Australia argued that the Court was confronted with a situation comparable to that in the Monetary Gold Case, namely that the Court would have to decide on the lawfulness of Indonesia's entry into and continuing presence in East Timor as well as the lawfulness of the conclusion of the Treaty, what could not be done in the absence of Indonesia. While Portugal agreed in principle on this point, it disagreed that the Court had in fact to decide on the forementioned questions. Portugal argued that the Court had only to judge upon the objective conduct of Australia, which consisted in having negotiated, concluded and initiated performance of the 1989 Treaty with Indonesia, and that this question was perfectly separable from any question relating to the lawfulness of the conduct of Indonesia.

In its judgment, however, the Court concluded that Australia's behaviour could not be assessed without first entering into the question of why Indonesia could not lawfully have concluded the 1989 Treaty, while Portugal allegedly could have done so. The Court was of the opinion that the very subject-matter of the decision would necessarily be a determination of whether Indonesia could or could not have acquired the power to conclude treaties on behalf of East Timor relating to the resources of its continental shelf. Such a determination, however, could not be made without the consent of Indonesia.

The Court also rejected Portugal's additional argument that the rights which Australia had allegedly breached were rights erga omnes and as such permitted Portugal to sue Australia individually, regardless of whether or not another State had conducted itself in a similarly unlawful manner. The Court fully shared the assertion of Portugal that the right of peoples to self-determination had an erga omnes character.

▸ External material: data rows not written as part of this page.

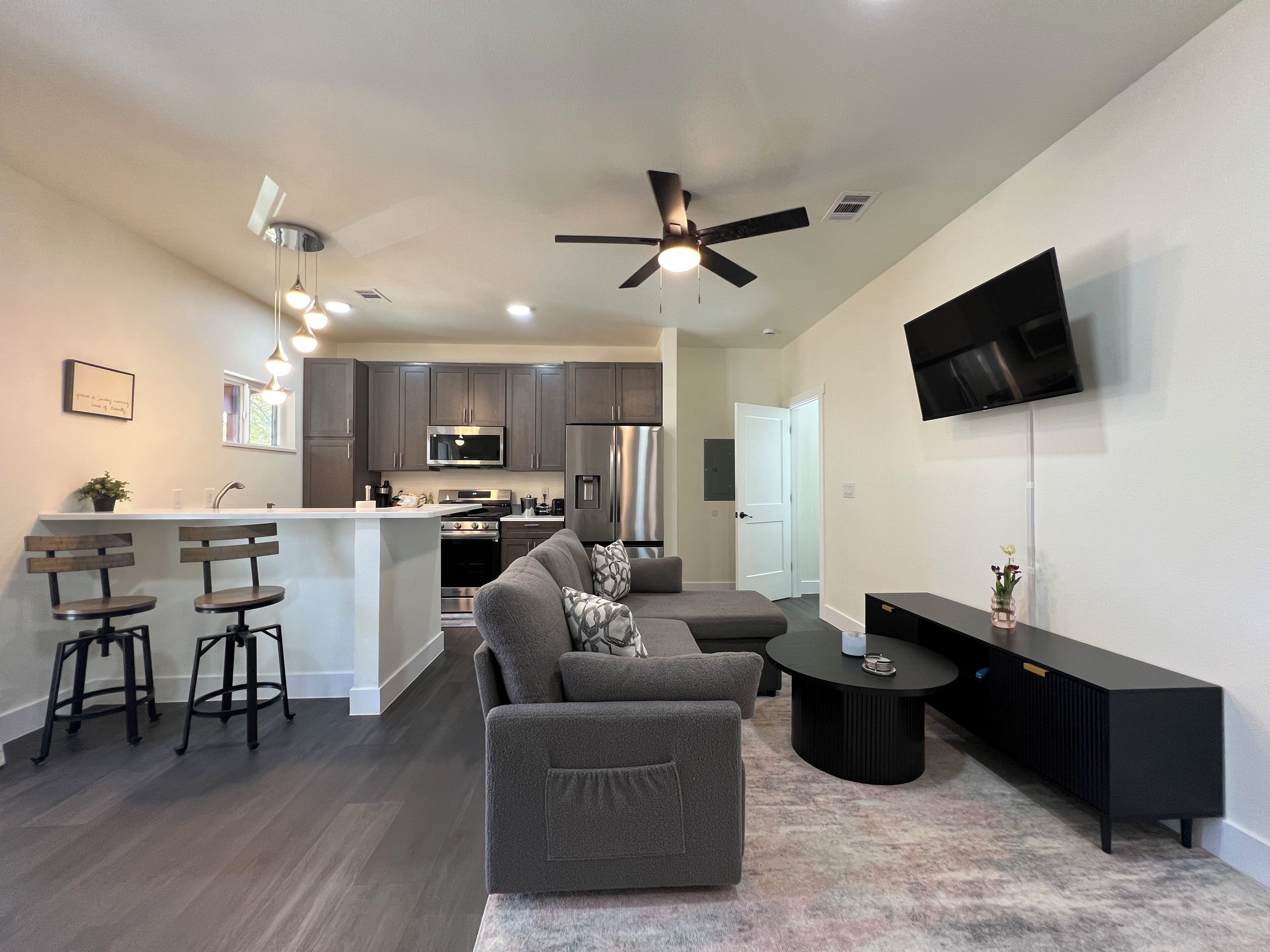 A modern kitchen with dark cabinets, a central island with stools, a dining area with a gray sofa and coffee table, and a flat-screen TV mounted on the wall.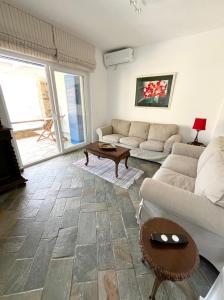 a living room with a couch and a table at Aegean Big Blue -Rosalie Home in Tinos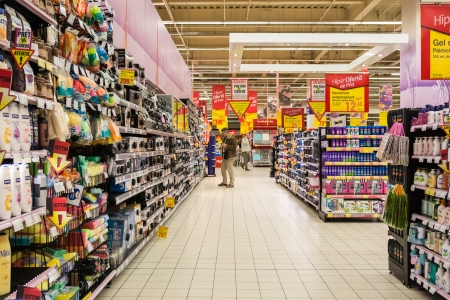 BUCHAREST, ROMANIA - JANUARY 22, 2014  People Shopping In Supermarket  The supermarket is a self-service shop offering a wide variety of food and household products, organized into aisles のeditorial素材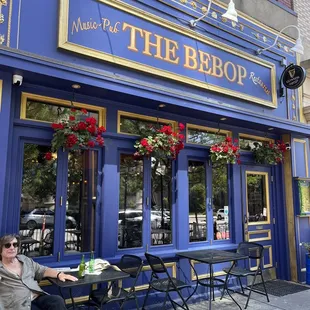 a woman sitting outside a restaurant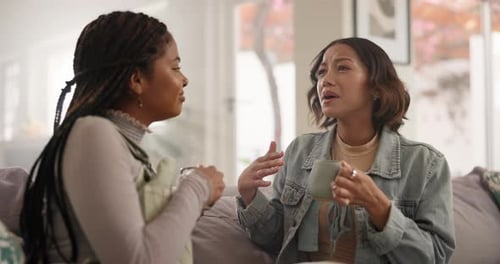 Friends Chatting and Drinking Tea at Home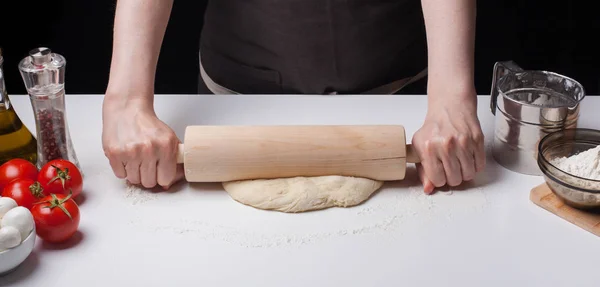 Masa de pizza enrollada a mano femenina con un rodillo sobre una mesa blanca, espolvoreada con harina — Foto de Stock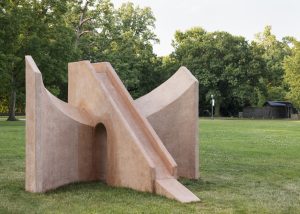 Image: Asad Raza. Orientation, 2022. Photography by Field Studio. Courtesy of the artist. A photo of a large sculptural piece outside in the grass. The piece is monochromatic (a light terracotta color) and is geometric in shape.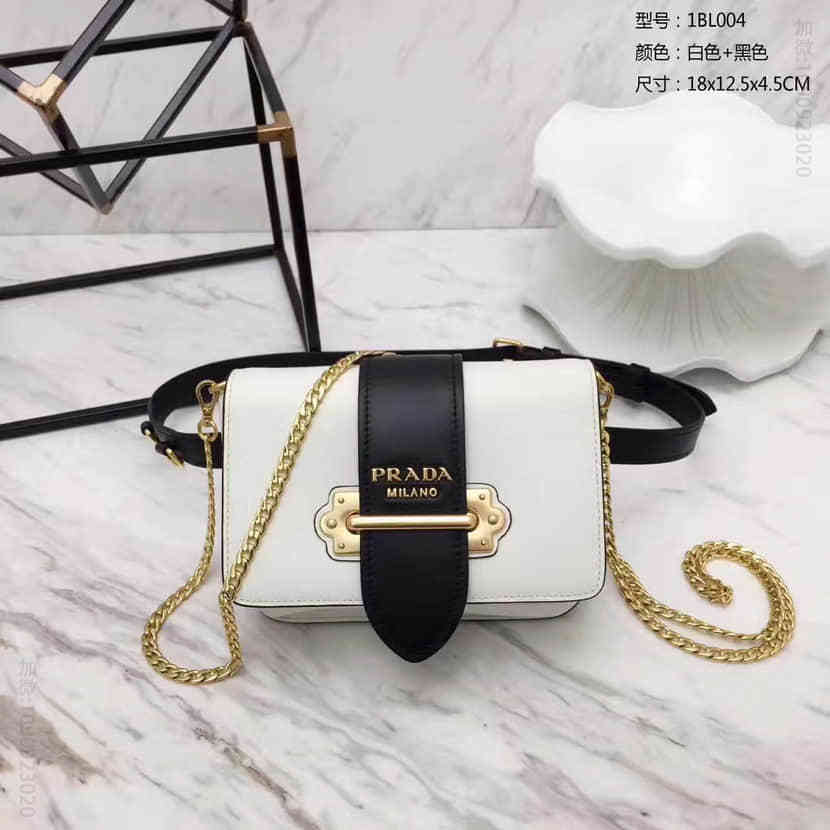 海外代购 普拉达prada cahier小牛皮链条腰包 1BL004白色+黑色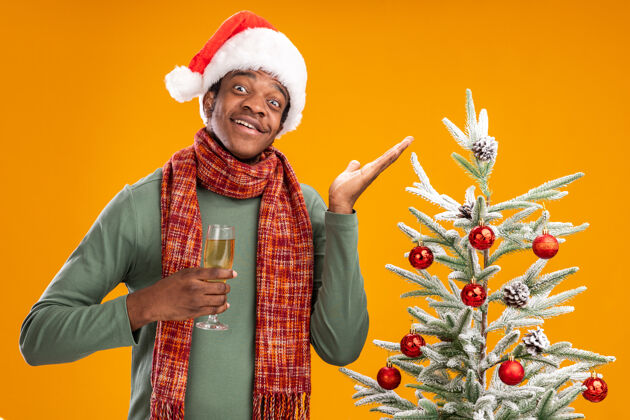 围着戴着圣诞帽 脖子上围着围巾 手举香槟的非裔美国人站在橙色墙上的圣诞树旁 愉快地微笑着男人脖子圣诞老人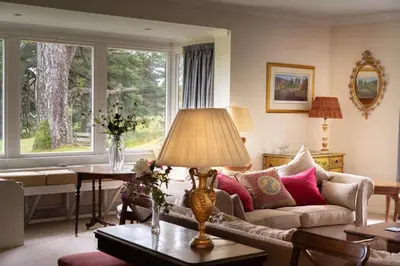 a living room with a couch and a table at Lochs Lodge, Glenlyon, Perthshire in Bridge of Balgie
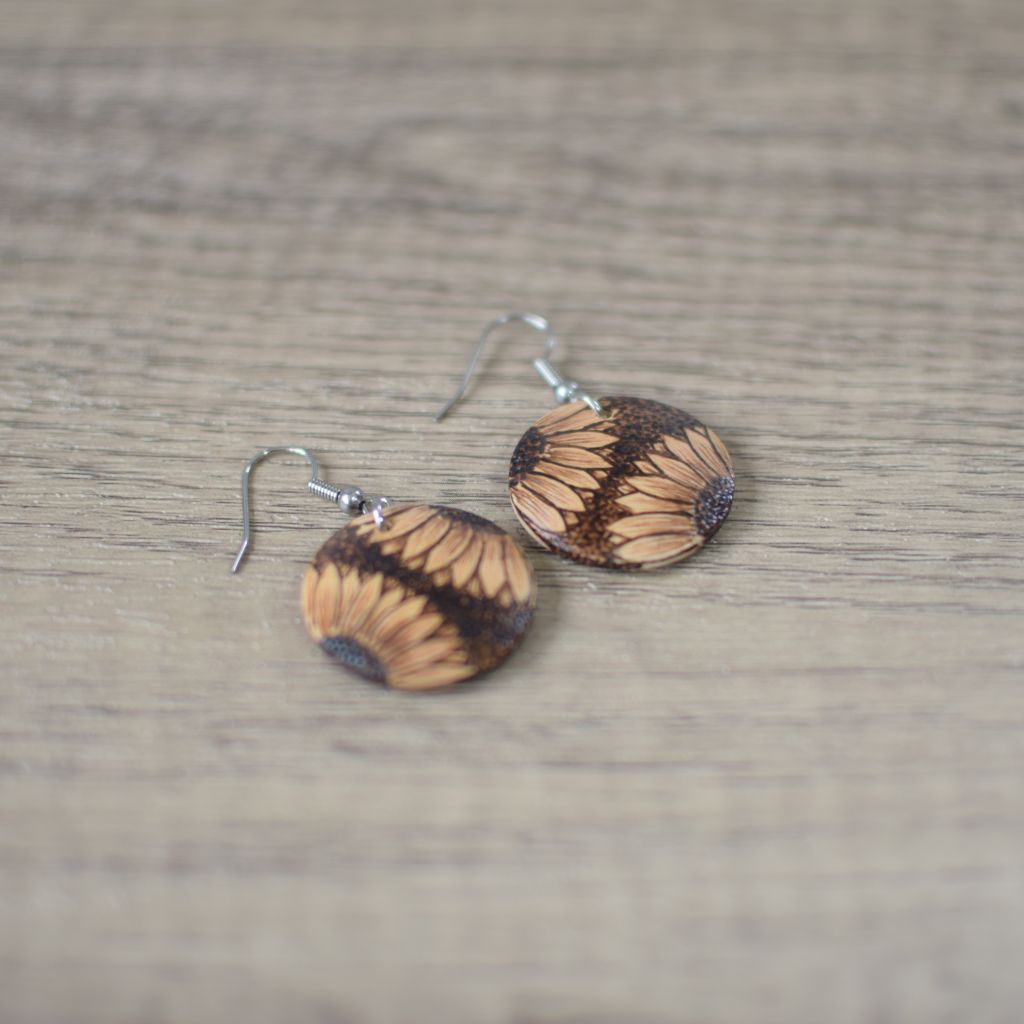 phot of wooden drop earrings with a double sunflower design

Nevertheless, the Court considered that the erga omnes character of a norm and the principle of consent to the Court's jurisdiction were two different things. Whatever the nature of the obligations invoked, the Court could not rule on the lawfulness of the conduct of a State when its judgment would imply an evaluation of the lawfulness of the conduct of another State not a party to the case.

The Court likewise dismissed the argument of Portugal that the United Nations resolutions concerning the status of Portugal as administering Power were imposing upon all States an obligation not to recognize any authority of Indonesia over East Timor. The Court found that without prejudice to the question of the binding or non-binding nature of these resolutions such an obligation could not be inferred from those resolutions. Therefore, the Court would have necessarily to rule upon the lawfulness of Indonesia's conduct as a prerequisite for deciding Portugal's contention that Australia violated its obligation to respect Portugal's status as administering Power and East Timor's status as a non-self governing territory and the right of 7its people to self-determination and to permanent sovereignty of its natural resources. Thus, the rights and obligations of Indonesia would constitute the very subject-matter of the case and could only be judged with the consent of Indonesia. Since this consent was lacking, the Court had to dismiss the case, despite the importance of the questions raised.